> Work to complete
Please restate word for word all lines from the one containing "The point N" to the final line of the entries, and include no pictures.

### Data shown

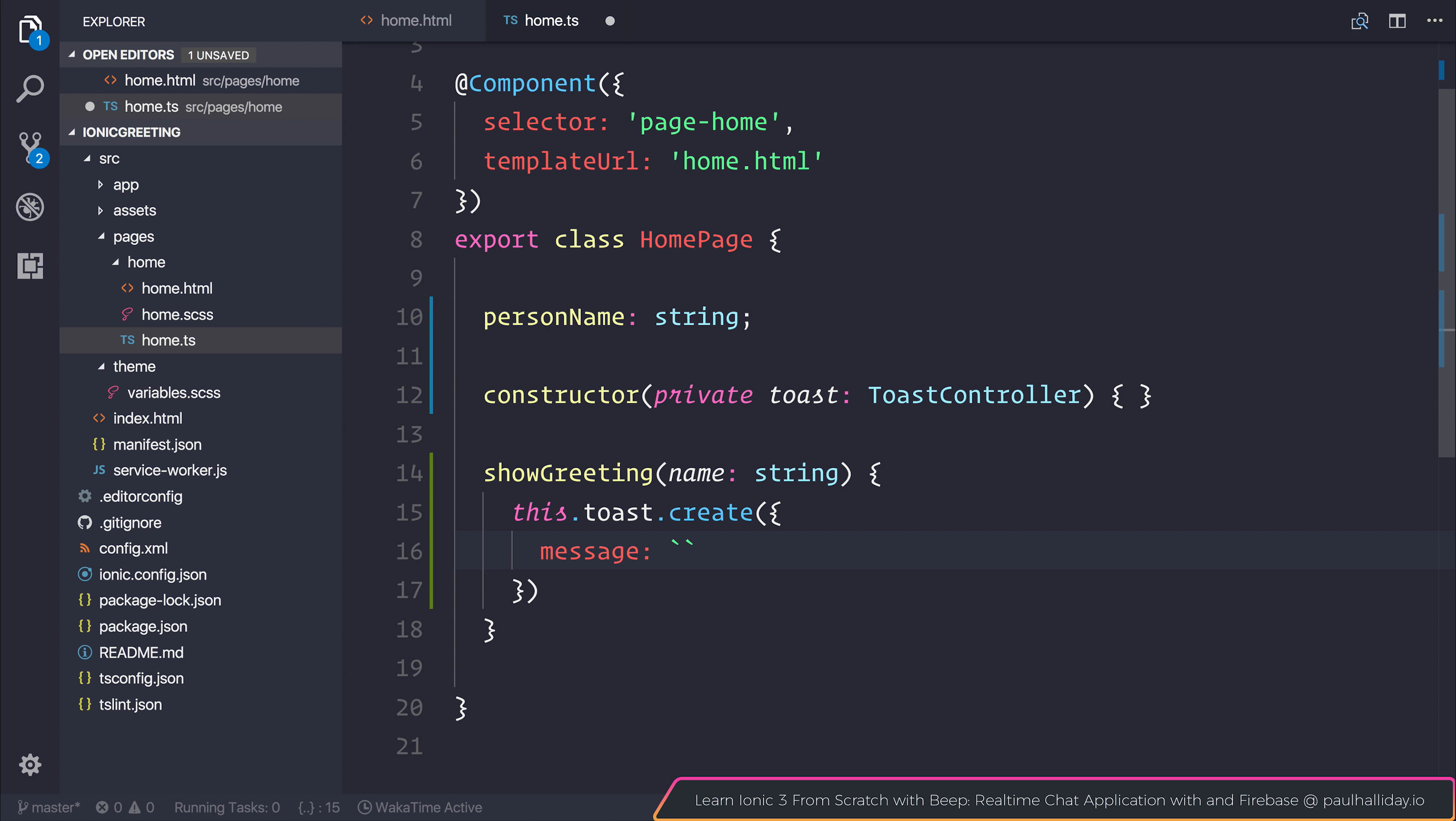We can simply say hello. And then if we use the dollar sign and two braces, we can actually pass in that name. And that's known as a template literal string inside of ES6.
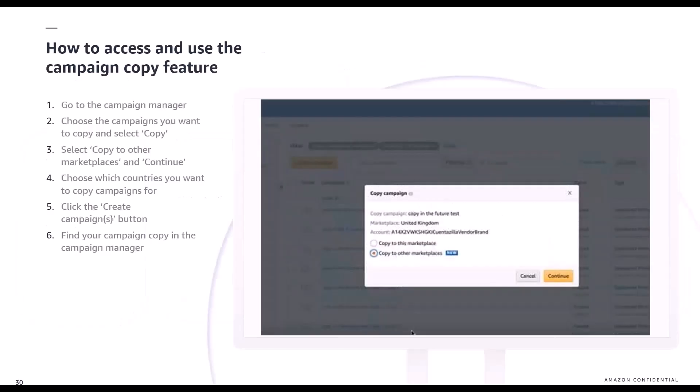Looking at the steps to access the campaign copy feature — as a general overview — you'll go to the campaign manager in the advertising console, choose the campaigns you want to copy and press select. Then select copy to other marketplaces, enter continue, choose which country you want to copy the campaigns to, and click the create campaigns button.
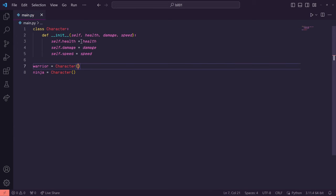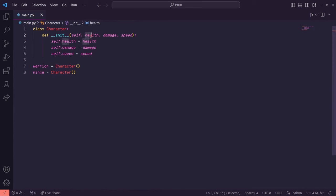When you first create a class object in Python, it will always run this dunder init method first. This method initializes the object and also handles the inputs.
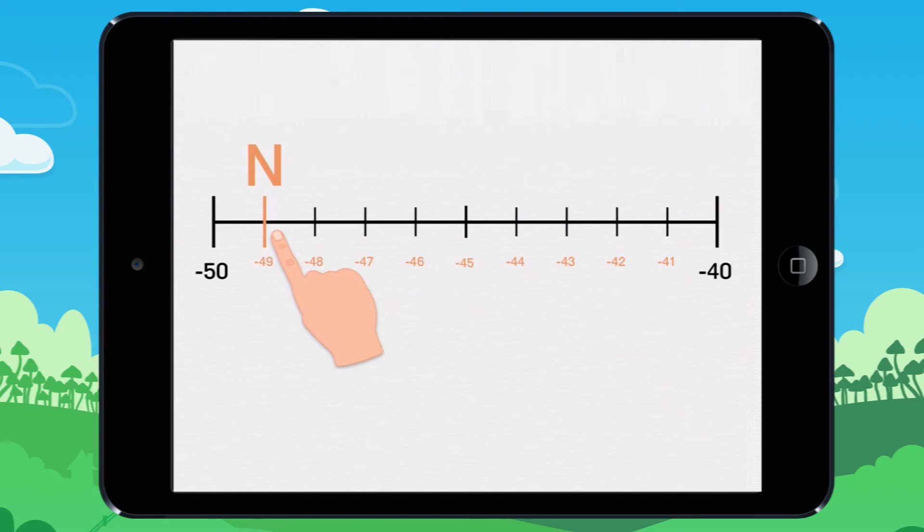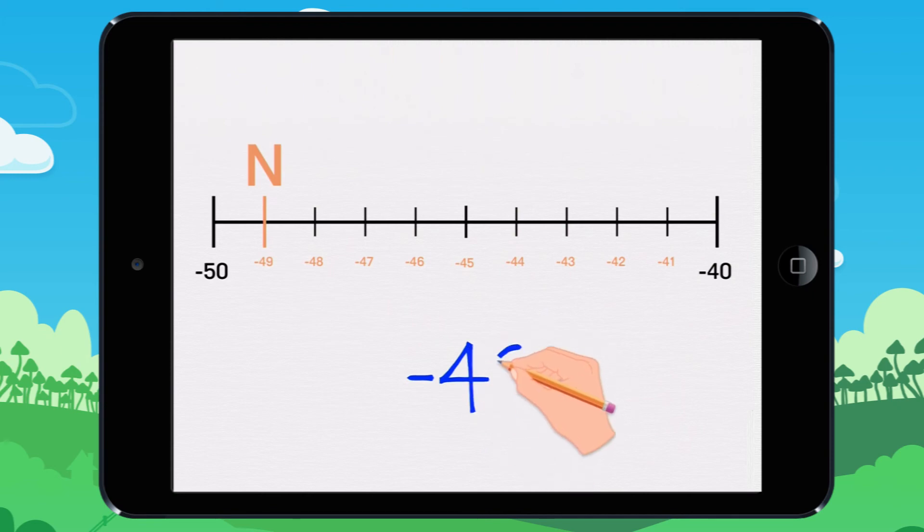The point N goes on the minus 49. You write minus 49.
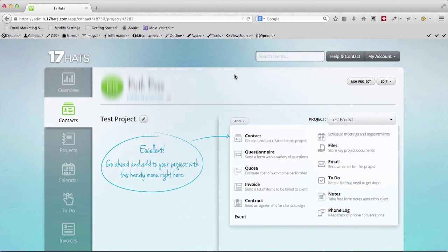Hey there, this is Giege Mariva with YourMediaMagician.com. Today I want to talk to you a little bit about a new service that I just signed up called Seventeen Hats.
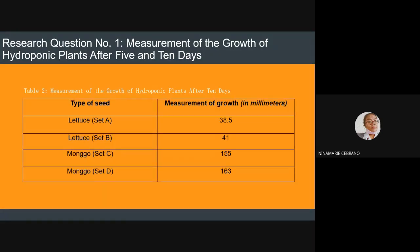Table 2 shows the measurement of the growth of hydroponic plants after 10 days. Just like Table 1, it has 4 sets. Set A and Set B have the same seed, as do Set C and Set D, differing only in the level or amount of cigarette butt. The measurements of growth in millimeters are: Set A at 38.5, Set B at 41, Set C at 155, and Set D at 163 millimeters.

######

> Response
The point N goes on the minus 49. You write minus 49.
Hey there, this is Giege Mariva with YourMediaMagician.com. Today I want to talk to you a little bit about a new service that I just signed up called Seventeen Hats.
Table 2 shows the measurement of the growth of hydroponic plants after 10 days. Just like Table 1, it has 4 sets. Set A and Set B have the same seed, as do Set C and Set D, differing only in the level or amount of cigarette butt. The measurements of growth in millimeters are: Set A at 38.5, Set B at 41, Set C at 155, and Set D at 163 millimeters.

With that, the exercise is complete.